* [MATERIAL PROVIDED]:
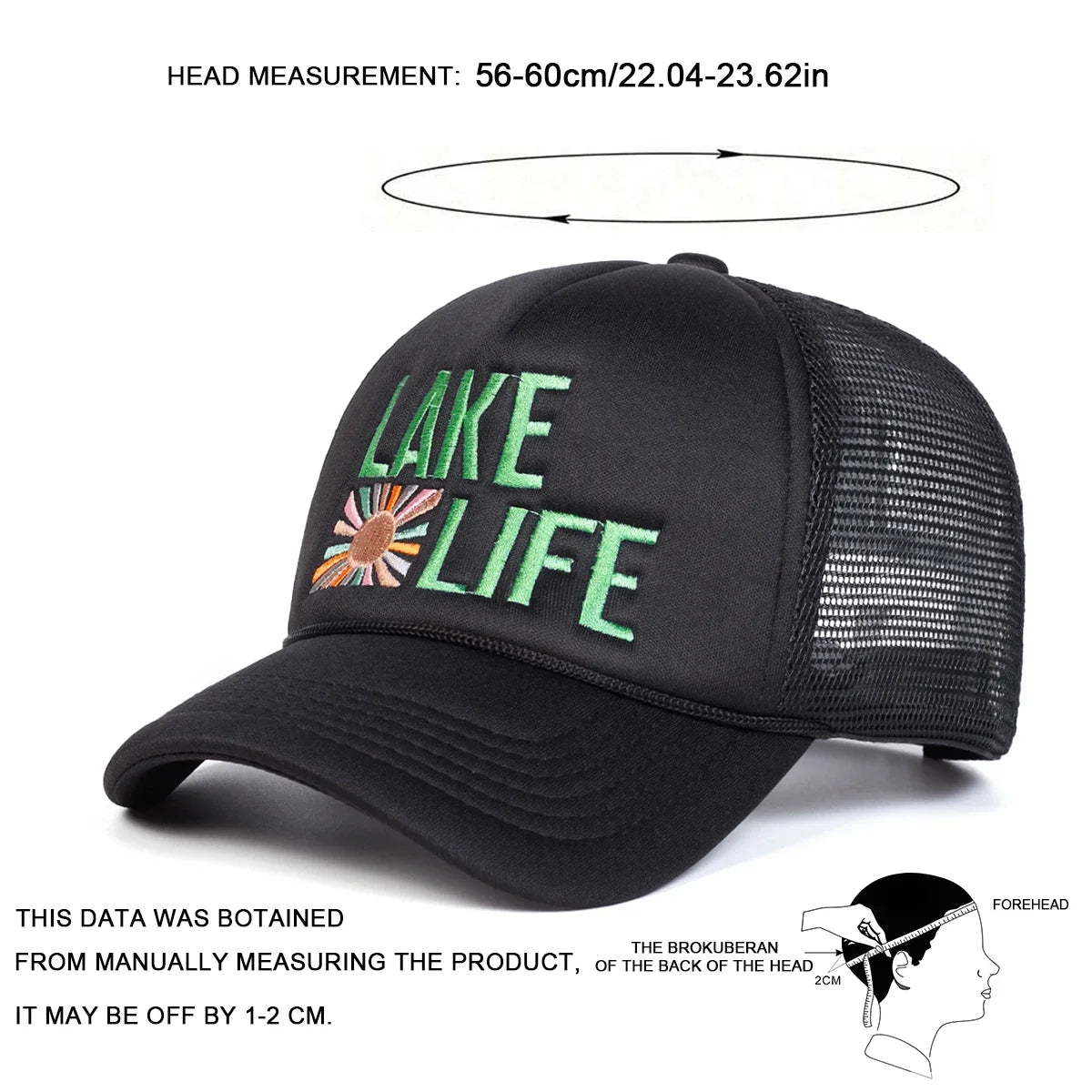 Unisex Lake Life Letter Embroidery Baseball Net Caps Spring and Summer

...

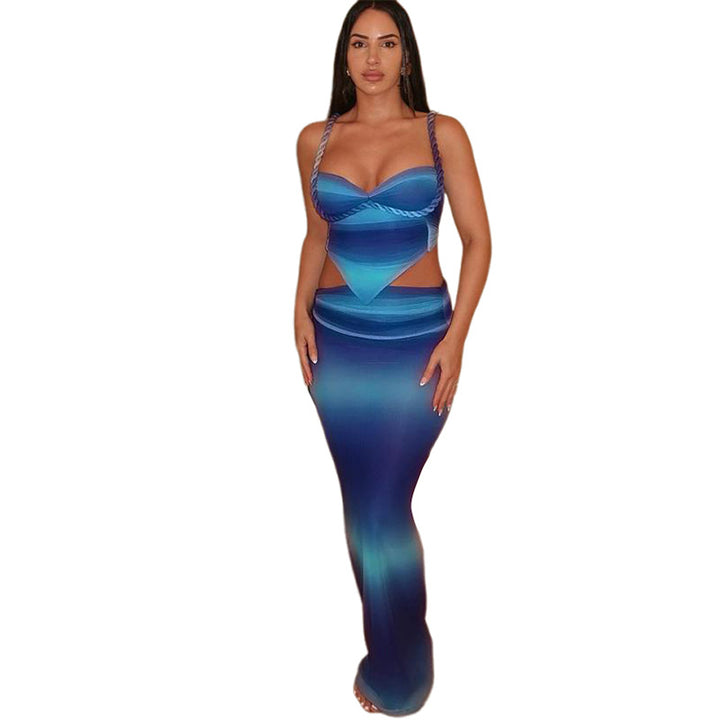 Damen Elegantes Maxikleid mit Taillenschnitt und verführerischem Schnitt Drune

---

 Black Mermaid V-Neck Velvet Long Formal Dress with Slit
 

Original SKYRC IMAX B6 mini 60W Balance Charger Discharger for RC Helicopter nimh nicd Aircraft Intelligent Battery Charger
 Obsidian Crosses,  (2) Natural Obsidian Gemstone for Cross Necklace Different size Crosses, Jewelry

* [WHAT TO WORK ON]: Your answer must consist solely of the lines above between the line holding "Original SKYRC IMAX" and the line holding "size Crosses, Jewelry", inclusive, copied exactly.

* [WRITTEN RESPONSE]:
Original SKYRC IMAX B6 mini 60W Balance Charger Discharger for RC Helicopter nimh nicd Aircraft Intelligent Battery Charger
 Obsidian Crosses,  (2) Natural Obsidian Gemstone for Cross Necklace Different size Crosses, Jewelry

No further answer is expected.